9.2 What are the Experimental Unit and the Unit of Prediction?

Nearly 2600 wavelengths are measured each day for two weeks for each of 15 small-scale bioreactors. This type of data forms a hierarchical, or nested, structure in which wavelengths are measured within each day and within each bioreactor. The key characteristic of this is that the data within a nesting is more related than data between nestings. For example, the spectra within a day are more related to each other than between different days, AND the wavelengths within the days are more correlated with each other than wavelengths between reactors.

🤯WOW this is confusing

Interrelated correlations can be visualized through a plot of autocorrelations. In the plot below, we can see that the autocorrelation between wavelengths is different on different days.

(a) Autocorrelations for selected lags of wavelengths for small-scale bioreactor 1 on the first day. (b) Autocorrelations for lags of days for average wavelength intensity for small-scale bioreactor 1.

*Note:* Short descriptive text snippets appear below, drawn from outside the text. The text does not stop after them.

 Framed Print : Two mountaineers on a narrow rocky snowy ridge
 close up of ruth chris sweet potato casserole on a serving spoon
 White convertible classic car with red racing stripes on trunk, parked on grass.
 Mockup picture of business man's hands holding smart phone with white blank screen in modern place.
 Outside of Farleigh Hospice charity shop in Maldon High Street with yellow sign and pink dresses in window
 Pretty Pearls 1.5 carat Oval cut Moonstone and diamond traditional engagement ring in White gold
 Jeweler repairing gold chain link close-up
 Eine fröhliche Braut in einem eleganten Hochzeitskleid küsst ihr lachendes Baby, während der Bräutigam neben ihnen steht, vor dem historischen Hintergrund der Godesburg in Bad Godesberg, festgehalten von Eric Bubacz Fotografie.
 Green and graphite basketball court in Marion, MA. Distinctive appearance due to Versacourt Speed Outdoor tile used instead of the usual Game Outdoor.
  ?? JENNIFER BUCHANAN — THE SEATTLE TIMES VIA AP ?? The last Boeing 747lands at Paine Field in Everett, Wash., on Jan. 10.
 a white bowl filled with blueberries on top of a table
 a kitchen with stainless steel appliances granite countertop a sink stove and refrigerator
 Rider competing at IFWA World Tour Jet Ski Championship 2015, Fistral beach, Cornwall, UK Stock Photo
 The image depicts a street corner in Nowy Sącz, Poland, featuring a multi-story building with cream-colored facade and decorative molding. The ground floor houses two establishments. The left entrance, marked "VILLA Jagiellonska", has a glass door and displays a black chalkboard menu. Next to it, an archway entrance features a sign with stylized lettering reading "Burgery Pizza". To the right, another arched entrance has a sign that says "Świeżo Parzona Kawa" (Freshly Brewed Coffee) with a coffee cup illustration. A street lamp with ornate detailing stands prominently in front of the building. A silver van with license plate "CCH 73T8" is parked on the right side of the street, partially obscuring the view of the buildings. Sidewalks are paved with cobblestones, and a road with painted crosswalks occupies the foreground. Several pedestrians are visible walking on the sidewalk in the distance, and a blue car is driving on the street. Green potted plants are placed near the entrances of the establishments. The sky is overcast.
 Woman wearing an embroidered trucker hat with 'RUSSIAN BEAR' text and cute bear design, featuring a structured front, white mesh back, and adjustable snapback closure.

Figure 9.4 (b) shows the autocorrelations for the first 13 lagged days. Here correlations for the first lag is greater than 0.95, with correlations tailing off fairly quickly.

So what is the unit of prediction? Spectra? Number of days to reach a certain wavelength? Because everything inside a bioreactor is independent of other bioreactors, the unit of analysis is day within a bioreactor. Everything WITHIN a bioreactor is going to have autocorrelation.

The unit of analysis will help us decide how to use cross-validation to evaluate our results honestly. Leave one out or kfold cross validation should be used. We can’t do cross validation on days or wavelengths because they’re not independent units.